環境技術と金融の推進による経済成長が今年の環境白書のテーマという。原発事故の後始末を最優先させるべき環境行政までが、政権の掲げる成長戦略にのみ込まれていくようで、気にかかる。
「我が国が歩むグリーン経済の道」。ことしの環境白書のテーマである。
グリーン経済とは、持続可能な環境と経済成長を両立させることであるという。そのために、経済成長の核となる環境技術の開発と、その事業化に必要な環境金融の推進に、まず焦点を当てている。
白書は、役所の姿勢を示す。安倍政権が進める成長戦略の一翼をどう担うかが、環境省にとっても最大の関心事ということなのか。
一方で、福島第一原発事故に関する記述が目立たなくなる。
一昨年の白書のテーマは「震災復興と安全安心で持続可能な社会の実現に向けて」であった。冒頭第一部の第二章を「東日本大震災及び原子力発電所における事故への対応」に割いていた。ところが今回の目次には「原発」の文字がほとんど見当たらない。

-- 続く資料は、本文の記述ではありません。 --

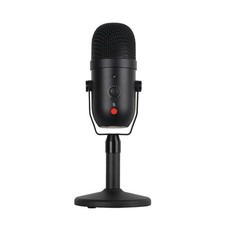 Heart-Shaped Voice Picking Up Micrphone with One Click Mute Volumn Control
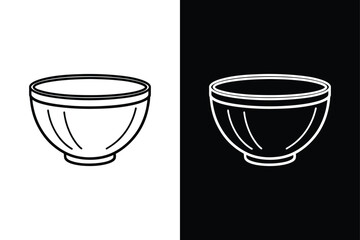 Mixing Bowl Icon vector on White Background ,Vector Art Illustration on white background.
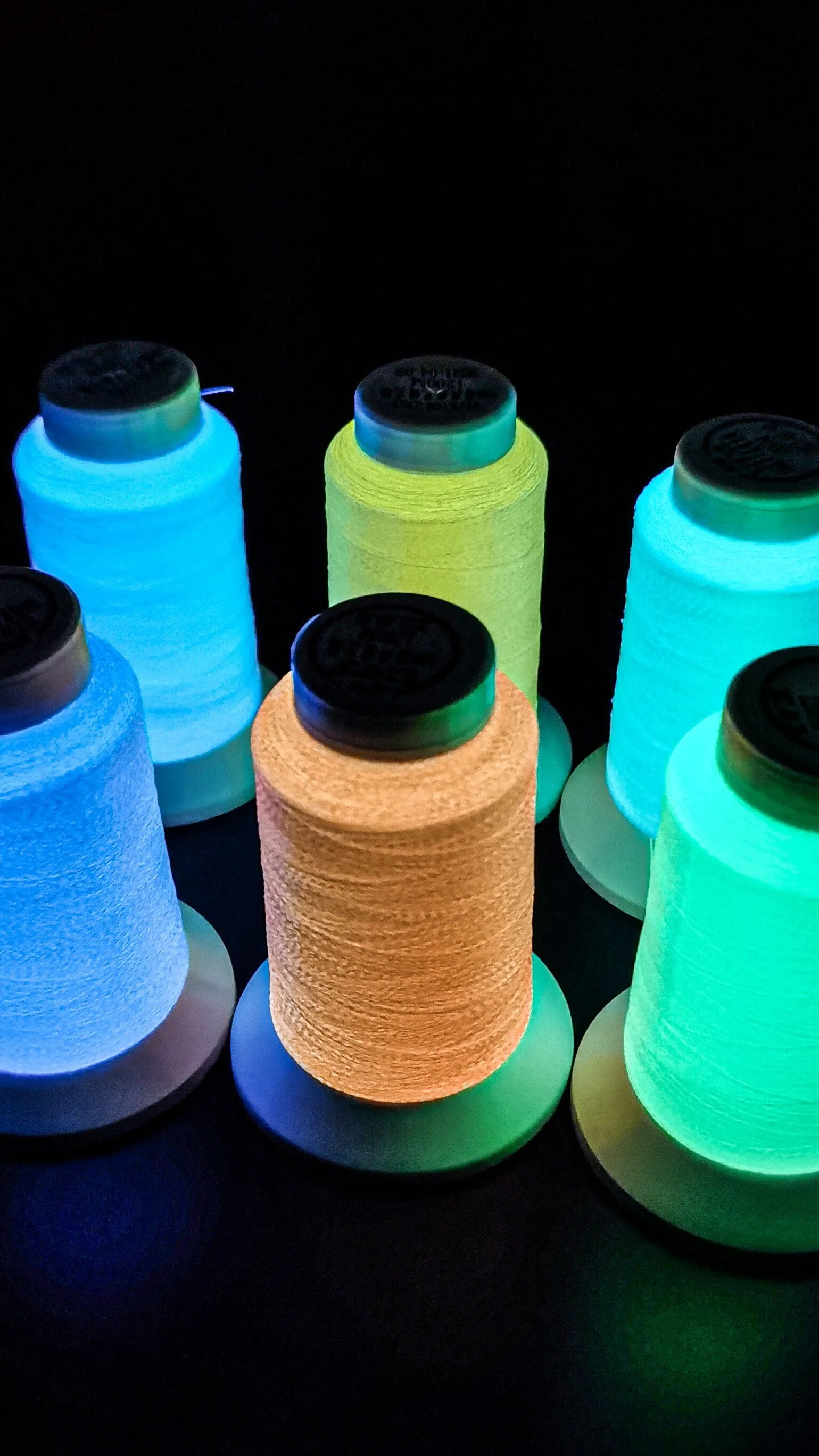 Glow In The Dark Embroidery Thread Factory Direct Sales Polyester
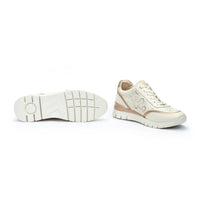 Pikolinos 0705C Deportivo casual mujer cremallera nata.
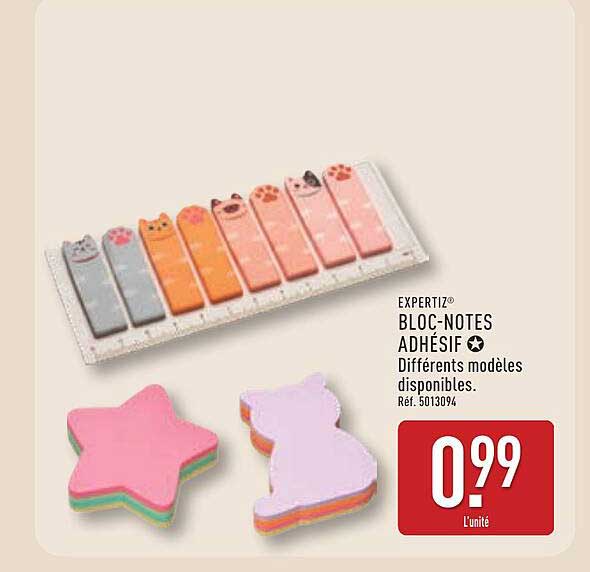 EXPERTIZ® BLOC-NOTES ADHÉSIF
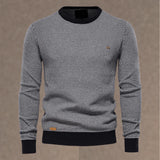 Henry - Eleganter und warmer Sweater – Schwarz
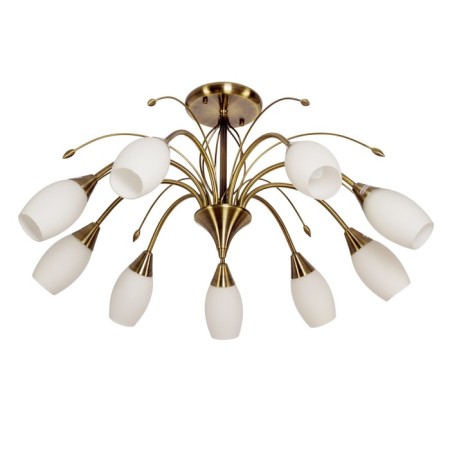 Lamp Ceiling Economy light 12121/9AB MK, 9x40W, E14, 35x70x70 cm, bronze color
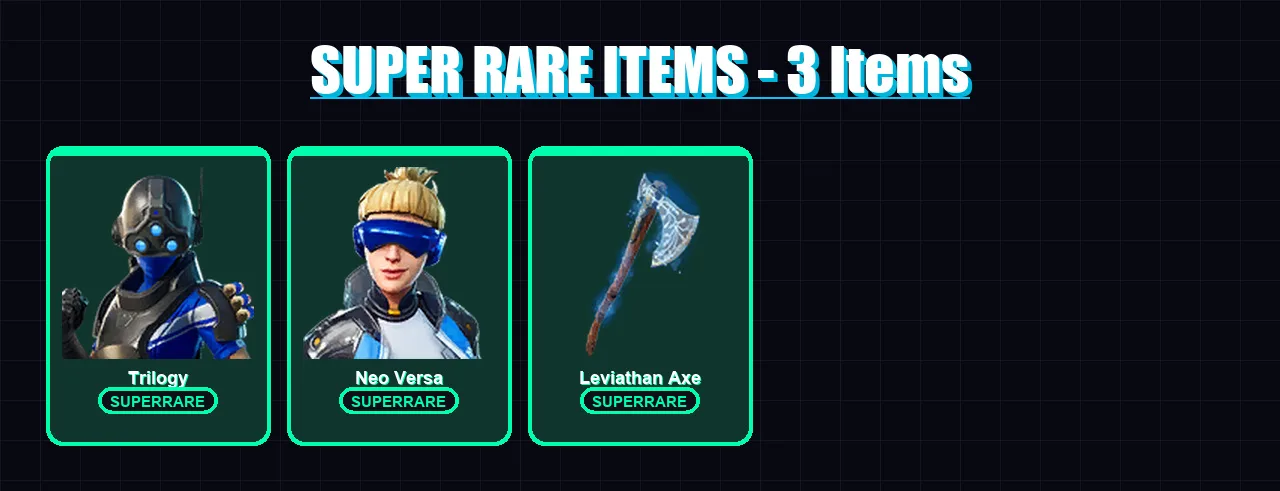 [PC] | Trilogy | Neo Versa | Predator | Fusion | The Foundation | 134 skin | 164 pickaxe | 126 emote | 122 glider | Lv2110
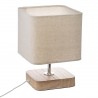 Lampe à poser en bois H21cm TOXEY - Beige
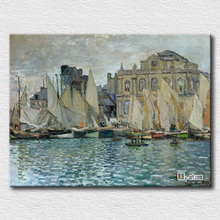 Beautiful arts by Claude Monet le havre French impressionism artrist paint printed on canvas high quality 2024 - buy cheap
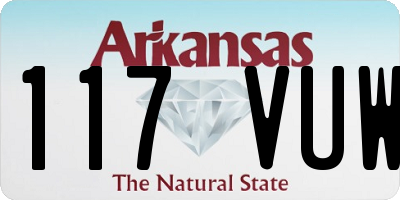 AR license plate 117VUW
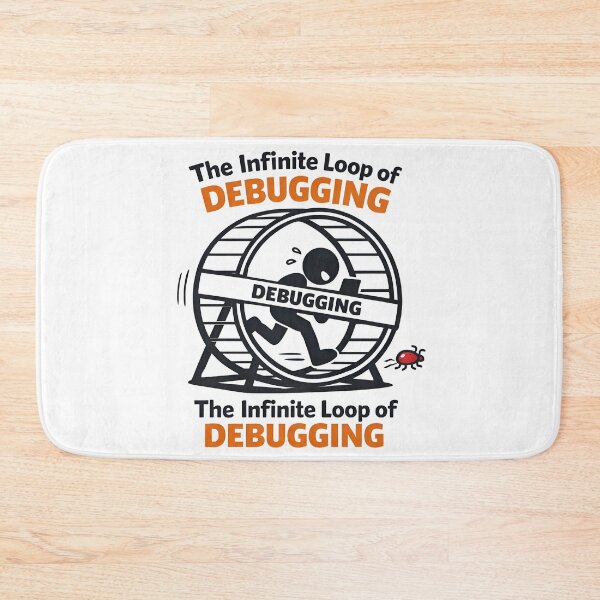 Item preview, The Infinite Loop Of Debugging Funny Programmer designed and sold by Zenith Design.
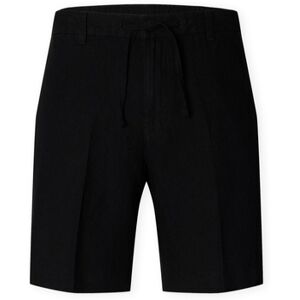 Short Selected Noos Regular-Leroy Linen Shorts - Black Noir EU S,EU M,EU L,EU XL Heren Short Selected Noos Regular-Leroy Linen Shorts - Black Noir EU S,EU M,EU L,EU XL Heren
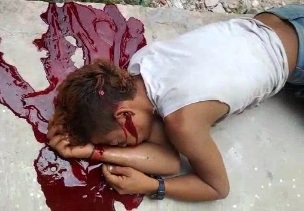 young Venezuelan was shot 3 times when he sleeping on sidewalk 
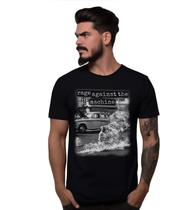 Camiseta Preta Banda Rage Against The Machine Bomber Rock Rapper Zack Tom Tim Brad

環境省は、除染や放射性物質の処理など、原発事故の後始末の重要な部分を担っている。
しかし、白書によると、ことし二月時点の国直轄除染の実施率は、福島県浪江町の宅地で0・1%、富岡町の農地で0・2%、双葉町にいたっては、実施計画すら策定されていない。

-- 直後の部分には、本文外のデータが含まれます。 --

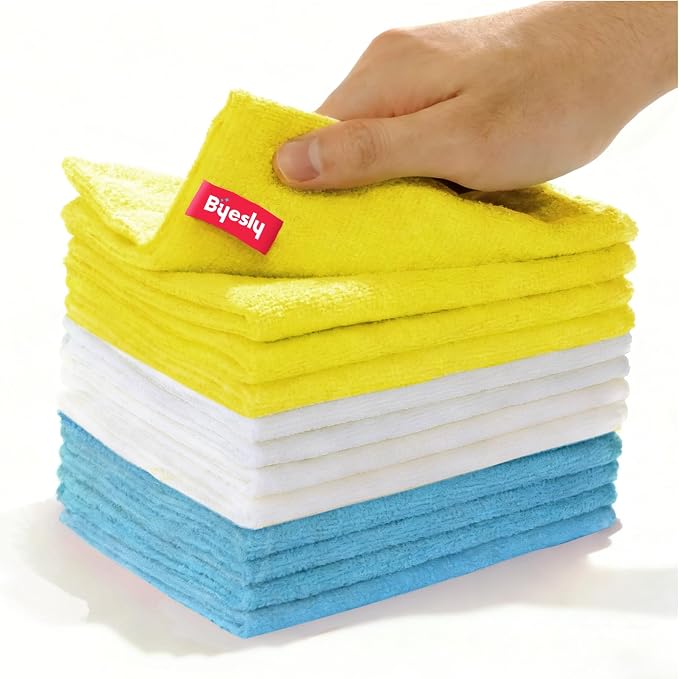 12-Pack Microfiber Cleaning Cloth, 11.5x11.5 Microfiber Towels by Unknown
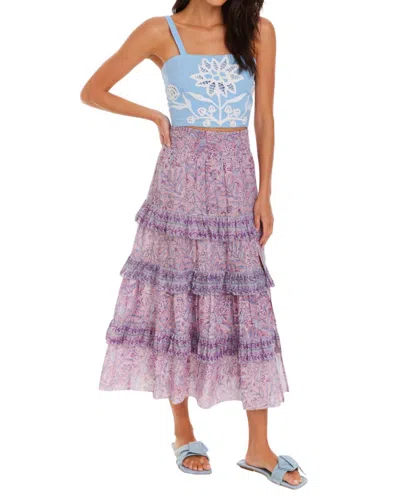 Shop Allison New York Colorful Savannah Skirt In Lilac Floral In Multi
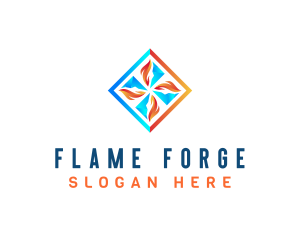 Ice Flame Circulation logo design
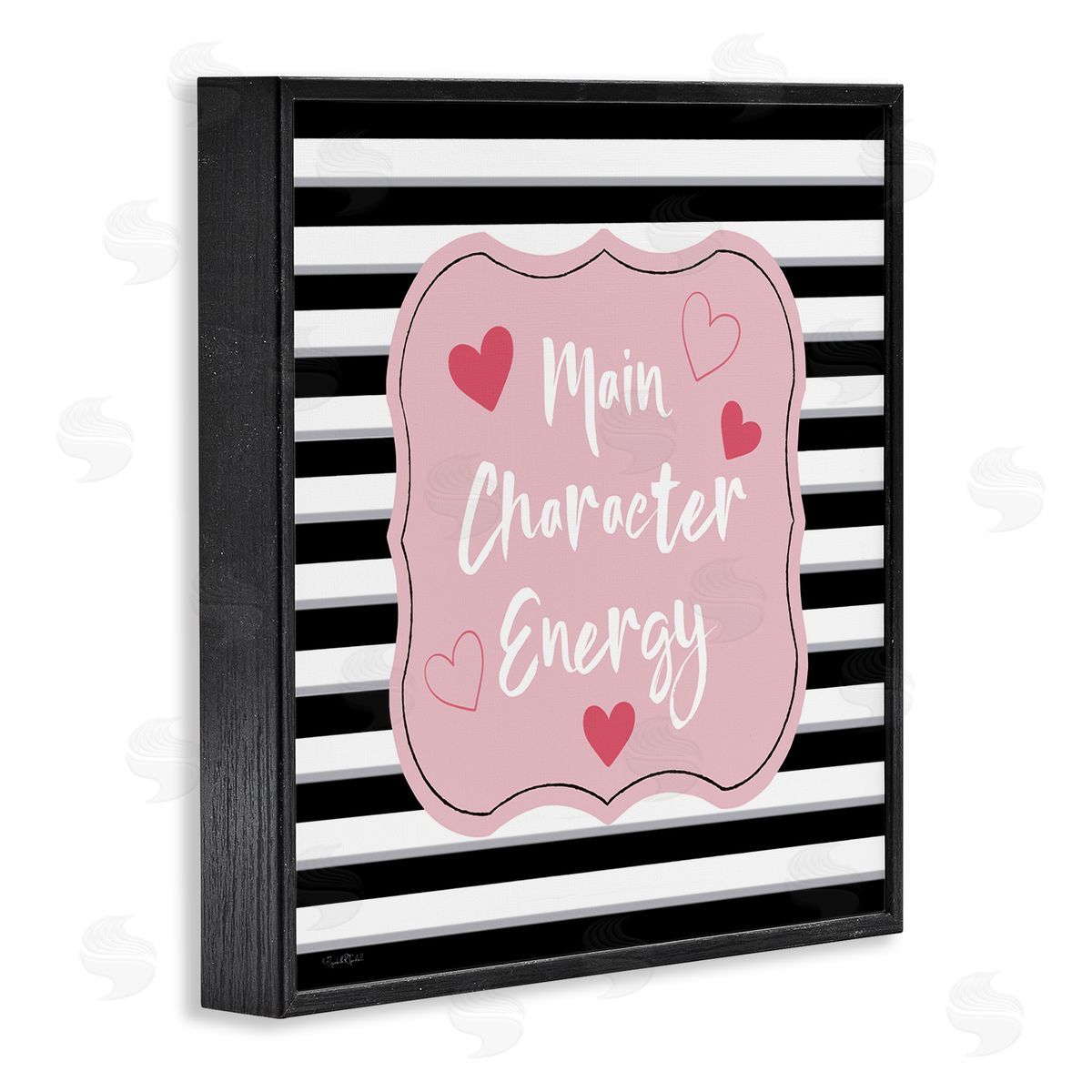 Elizabeth Tyndall Main Character Energy Patterned Black Framed Glicee Wall Art Print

福島県内各地の道路沿いや空き地には、除染ではぎ取られた汚染土が袋詰めにされ、山積みにされている。最終処分の展望はなく、一時保管候補地である大熊町と双葉町の住民は不信を募らせる。責任は果たせていない。
原発事故から三年三カ月。被曝(ひばく)のリスク評価は定まらず、依然として国全体を不安が覆っているようだ。避難指示が解除されても、多くの人が帰るに帰れない。

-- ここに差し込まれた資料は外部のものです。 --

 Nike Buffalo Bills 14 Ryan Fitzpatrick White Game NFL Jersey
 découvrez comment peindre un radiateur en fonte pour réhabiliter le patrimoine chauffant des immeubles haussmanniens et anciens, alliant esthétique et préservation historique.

省として真っ先に発信すべきは今もなお、原発事故の危険や不安から国民を解き放つ、意欲と道筋なのではないか。
そもそも環境省は、高度経済成長の負の遺産である公害に対処すべく生まれた役所である。
環境と経済の両立も大事な仕事には違いない。だが、経済の逸脱を監視、是正する役割は、それ以上に重いのではないか。
国民と自然を守るのが、今も第一の使命のはずである。